## EXERCISE DETAILS
Copy the following listing word for word.

SUPPLIED DATA START

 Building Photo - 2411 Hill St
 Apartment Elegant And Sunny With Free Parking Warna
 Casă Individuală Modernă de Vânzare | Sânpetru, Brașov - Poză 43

SUPPLIED DATA END

## RESPONSE BOX
 Building Photo - 2411 Hill St
 Apartment Elegant And Sunny With Free Parking Warna
 Casă Individuală Modernă de Vânzare | Sânpetru, Brașov - Poză 43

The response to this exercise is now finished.